At a minimum, three to four people out of every ten have been bullied. You may well ask, "Can't I please be one of the other six or seven of those ten?"
Absolutely, that's why you're reading this book.
Your first step is to recognize which of the following factors led you into a bully's crosshairs.
 Have bad luck
 Ignore warning signs
 Have something the bully wants
 Signal you're an easy target
 Put up with lousy treatment
 Give away your power
Bad Luck: A Target on Your Back
A MILITARY WIFE, Gwen interviewed for five weeks before finding an employer willing to hire her despite her husband's likely transfer to a new base in eighteen months.
On Gwen's first day on the job, Lisa, the office manager, sat her down and told her she'd do fine if she understood the lay of the land. Eager to make a good impression, Gwen listened to Lisa, who explained that Gwen needed to demonstrate her willingness to be a team player.

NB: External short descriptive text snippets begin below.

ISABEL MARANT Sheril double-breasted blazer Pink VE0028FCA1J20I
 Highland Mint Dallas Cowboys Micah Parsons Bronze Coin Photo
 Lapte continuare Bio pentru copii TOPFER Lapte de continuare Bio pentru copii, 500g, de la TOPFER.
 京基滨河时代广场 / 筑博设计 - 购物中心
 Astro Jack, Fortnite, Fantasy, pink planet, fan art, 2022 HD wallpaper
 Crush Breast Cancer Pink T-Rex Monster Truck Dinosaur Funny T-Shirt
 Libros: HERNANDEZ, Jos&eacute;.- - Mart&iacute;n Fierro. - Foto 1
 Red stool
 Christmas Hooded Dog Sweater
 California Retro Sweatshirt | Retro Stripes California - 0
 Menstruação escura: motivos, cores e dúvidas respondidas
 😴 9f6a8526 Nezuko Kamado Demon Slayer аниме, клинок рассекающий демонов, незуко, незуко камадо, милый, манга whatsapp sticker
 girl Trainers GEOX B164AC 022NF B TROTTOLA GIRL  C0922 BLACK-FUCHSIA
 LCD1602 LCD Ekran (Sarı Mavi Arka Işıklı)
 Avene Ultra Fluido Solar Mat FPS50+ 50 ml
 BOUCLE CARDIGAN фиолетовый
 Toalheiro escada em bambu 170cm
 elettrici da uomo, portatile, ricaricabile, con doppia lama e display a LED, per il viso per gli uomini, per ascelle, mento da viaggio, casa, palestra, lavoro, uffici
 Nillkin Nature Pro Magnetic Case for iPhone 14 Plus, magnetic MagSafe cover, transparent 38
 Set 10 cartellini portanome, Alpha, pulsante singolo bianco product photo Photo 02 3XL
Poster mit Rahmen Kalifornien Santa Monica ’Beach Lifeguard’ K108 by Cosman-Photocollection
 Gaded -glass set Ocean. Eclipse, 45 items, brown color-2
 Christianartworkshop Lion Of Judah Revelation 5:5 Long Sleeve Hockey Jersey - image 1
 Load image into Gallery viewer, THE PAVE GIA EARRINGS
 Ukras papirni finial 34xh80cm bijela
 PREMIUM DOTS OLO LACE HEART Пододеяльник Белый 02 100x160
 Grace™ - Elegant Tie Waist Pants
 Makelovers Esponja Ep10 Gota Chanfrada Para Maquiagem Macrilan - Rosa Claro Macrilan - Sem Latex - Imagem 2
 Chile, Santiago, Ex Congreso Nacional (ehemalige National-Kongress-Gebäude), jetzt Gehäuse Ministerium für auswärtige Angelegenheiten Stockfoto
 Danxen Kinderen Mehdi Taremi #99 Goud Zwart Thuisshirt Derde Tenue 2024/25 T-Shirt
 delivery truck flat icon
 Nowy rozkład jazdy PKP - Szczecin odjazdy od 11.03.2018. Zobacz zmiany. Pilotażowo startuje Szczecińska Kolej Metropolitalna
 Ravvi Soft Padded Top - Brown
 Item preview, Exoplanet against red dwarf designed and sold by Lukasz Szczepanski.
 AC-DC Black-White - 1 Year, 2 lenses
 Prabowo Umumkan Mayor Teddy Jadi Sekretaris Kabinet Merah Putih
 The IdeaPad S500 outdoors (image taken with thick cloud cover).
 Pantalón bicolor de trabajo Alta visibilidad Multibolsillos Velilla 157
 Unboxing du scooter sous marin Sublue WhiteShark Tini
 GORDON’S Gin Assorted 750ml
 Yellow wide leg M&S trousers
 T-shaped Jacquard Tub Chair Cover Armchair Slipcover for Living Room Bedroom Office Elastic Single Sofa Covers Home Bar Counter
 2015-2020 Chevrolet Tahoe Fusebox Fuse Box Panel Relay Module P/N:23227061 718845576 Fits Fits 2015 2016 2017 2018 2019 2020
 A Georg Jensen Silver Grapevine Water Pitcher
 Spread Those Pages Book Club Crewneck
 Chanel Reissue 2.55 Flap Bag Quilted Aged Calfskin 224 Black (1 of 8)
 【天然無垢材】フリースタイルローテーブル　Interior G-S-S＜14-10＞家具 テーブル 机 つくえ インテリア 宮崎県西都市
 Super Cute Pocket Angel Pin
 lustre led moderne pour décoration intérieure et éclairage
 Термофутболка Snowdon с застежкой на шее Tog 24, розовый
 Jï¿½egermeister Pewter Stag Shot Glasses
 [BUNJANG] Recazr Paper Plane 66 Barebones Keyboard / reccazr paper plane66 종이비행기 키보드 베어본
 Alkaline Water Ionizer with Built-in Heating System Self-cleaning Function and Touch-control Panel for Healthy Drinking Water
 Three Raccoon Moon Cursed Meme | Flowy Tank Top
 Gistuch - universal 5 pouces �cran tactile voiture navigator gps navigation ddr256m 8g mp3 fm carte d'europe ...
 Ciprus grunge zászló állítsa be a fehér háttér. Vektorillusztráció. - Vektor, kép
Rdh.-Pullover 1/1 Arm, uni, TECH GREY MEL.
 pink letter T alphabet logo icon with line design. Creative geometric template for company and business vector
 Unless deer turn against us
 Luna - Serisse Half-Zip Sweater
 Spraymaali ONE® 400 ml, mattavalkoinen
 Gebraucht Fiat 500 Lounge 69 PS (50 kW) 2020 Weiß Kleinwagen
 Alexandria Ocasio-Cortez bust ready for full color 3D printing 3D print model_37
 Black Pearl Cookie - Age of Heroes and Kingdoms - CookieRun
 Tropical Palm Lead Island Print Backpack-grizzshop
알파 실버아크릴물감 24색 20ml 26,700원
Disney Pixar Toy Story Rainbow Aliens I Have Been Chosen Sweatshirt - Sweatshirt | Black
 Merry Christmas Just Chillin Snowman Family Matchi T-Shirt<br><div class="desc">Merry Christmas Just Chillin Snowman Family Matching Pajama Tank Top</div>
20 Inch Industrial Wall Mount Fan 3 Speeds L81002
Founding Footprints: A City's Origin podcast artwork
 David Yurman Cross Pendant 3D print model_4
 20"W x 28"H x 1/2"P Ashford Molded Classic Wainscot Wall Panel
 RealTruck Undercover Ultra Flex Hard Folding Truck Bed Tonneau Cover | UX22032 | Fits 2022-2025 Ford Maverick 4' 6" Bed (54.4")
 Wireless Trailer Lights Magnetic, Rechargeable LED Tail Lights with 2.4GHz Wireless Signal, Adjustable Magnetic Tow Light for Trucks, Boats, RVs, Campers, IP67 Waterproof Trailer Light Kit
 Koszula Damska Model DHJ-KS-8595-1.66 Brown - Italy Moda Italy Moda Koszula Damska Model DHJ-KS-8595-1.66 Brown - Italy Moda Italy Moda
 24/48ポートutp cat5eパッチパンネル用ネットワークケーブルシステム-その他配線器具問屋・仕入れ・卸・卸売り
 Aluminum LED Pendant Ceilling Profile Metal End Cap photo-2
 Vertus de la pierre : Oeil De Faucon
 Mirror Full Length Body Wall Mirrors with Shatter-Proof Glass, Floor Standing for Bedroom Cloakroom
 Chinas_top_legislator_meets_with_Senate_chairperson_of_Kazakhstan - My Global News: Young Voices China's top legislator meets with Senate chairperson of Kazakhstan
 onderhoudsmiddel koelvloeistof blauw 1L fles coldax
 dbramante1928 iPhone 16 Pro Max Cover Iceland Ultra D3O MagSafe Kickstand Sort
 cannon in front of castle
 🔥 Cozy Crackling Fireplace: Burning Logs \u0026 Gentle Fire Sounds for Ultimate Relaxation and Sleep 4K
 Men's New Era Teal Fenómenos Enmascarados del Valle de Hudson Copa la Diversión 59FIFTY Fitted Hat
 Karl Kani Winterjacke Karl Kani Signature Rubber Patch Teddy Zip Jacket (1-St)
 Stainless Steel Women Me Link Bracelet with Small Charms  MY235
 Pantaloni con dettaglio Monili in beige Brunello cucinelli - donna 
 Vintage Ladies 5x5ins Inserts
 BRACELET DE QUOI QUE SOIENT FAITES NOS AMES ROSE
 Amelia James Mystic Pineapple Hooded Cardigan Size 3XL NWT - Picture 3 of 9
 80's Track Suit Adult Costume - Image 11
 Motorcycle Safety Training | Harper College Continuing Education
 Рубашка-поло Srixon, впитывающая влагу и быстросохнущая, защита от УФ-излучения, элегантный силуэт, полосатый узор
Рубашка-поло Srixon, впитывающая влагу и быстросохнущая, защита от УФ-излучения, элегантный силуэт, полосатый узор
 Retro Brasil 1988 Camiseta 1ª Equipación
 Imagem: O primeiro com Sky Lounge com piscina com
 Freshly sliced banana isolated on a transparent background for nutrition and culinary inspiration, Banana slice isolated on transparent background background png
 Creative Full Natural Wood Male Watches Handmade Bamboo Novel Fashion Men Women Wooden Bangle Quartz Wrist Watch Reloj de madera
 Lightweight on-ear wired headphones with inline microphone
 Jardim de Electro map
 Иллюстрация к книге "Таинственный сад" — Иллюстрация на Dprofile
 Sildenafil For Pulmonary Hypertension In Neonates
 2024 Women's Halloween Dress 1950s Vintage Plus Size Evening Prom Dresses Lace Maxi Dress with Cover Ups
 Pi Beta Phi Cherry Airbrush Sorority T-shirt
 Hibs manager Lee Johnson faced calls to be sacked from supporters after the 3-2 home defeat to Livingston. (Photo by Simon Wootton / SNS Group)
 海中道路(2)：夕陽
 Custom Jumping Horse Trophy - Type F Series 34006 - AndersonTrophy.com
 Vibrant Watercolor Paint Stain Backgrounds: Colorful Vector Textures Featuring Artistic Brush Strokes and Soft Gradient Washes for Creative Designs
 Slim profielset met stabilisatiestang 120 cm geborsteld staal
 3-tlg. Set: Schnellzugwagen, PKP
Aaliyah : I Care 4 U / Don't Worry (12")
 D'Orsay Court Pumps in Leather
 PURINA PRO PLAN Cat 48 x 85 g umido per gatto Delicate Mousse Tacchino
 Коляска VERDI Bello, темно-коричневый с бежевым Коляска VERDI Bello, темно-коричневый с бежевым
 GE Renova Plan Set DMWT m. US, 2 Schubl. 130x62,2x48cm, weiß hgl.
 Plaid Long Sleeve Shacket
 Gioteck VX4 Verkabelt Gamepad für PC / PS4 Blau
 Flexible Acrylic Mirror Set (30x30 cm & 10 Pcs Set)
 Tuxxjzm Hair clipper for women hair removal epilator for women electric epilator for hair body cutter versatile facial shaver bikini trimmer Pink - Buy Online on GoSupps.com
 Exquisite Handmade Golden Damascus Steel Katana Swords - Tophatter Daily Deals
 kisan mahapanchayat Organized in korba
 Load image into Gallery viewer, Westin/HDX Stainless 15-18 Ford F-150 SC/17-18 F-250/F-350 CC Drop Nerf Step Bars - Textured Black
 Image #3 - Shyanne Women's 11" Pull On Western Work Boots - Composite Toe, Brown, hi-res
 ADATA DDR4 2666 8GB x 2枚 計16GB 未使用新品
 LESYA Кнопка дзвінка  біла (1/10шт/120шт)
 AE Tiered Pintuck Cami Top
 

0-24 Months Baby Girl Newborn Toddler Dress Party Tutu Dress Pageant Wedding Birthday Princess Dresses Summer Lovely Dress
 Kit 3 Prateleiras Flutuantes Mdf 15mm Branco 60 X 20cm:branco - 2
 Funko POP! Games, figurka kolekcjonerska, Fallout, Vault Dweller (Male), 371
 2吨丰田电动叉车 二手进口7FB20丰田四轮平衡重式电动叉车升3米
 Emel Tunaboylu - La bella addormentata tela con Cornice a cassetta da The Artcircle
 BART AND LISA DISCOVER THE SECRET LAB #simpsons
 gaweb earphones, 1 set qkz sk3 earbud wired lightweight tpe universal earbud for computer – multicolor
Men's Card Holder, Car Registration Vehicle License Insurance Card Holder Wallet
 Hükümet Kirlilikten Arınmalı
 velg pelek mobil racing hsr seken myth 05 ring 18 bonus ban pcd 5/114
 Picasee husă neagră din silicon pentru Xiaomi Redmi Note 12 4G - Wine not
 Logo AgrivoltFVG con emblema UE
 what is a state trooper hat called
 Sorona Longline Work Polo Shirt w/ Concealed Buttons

Gwen was soon spending hours completing tasks Lisa delegated to her, which prevented her from speedily completing assignments given her by her immediate supervisor. When Gwen told Lisa she couldn't manage the extra tasks, Lisa snapped, "You're not willing to help me out when I'm swamped?"
Gwen hadn't been bullied before, and she took days to decide what to do. She spoke to her supervisor, who said, "Lisa's our best, most talented performer. I can't believe you're bad-mouthing her when she's been trying to help you." As Gwen listened in shock, her fists tightly closed and shoved into her pockets, she learned that Lisa had claimed that Gwen came to her so often for help that Lisa had to log two hours overtime nightly to complete her own assignments.
Landing the wrong job had placed Gwen in a bully's crosshairs.
Has bad luck made you a bully's target?
Ignore Warning Signs at Your Peril
AFTER A DIVORCE, Mack moved to Colorado and took the first job offered him. When he saw a long list of names as he logged on to Outlook, he asked a coworker about them. "I'm new here too," she said, "I don't recognize any of them."
On his first day, Mack's boss took him out to a five-star restaurant for lunch. "Slow service!" his boss snarled at the waitress, "If you want a tip, speed it up." Minutes later, his boss snapped his fingers as the waitress passed by, "Coffee refill!"
At the weekly staff meeting, Mack was surprised that few employees talked, other than to compliment their boss when he spoke about his personal efforts. Their silence made Mack hesitant to talk. After the meeting, he asked a coworker, "How come no one talks?" "You'll learn," she responded. "We go along to get along. No one sticks their neck out."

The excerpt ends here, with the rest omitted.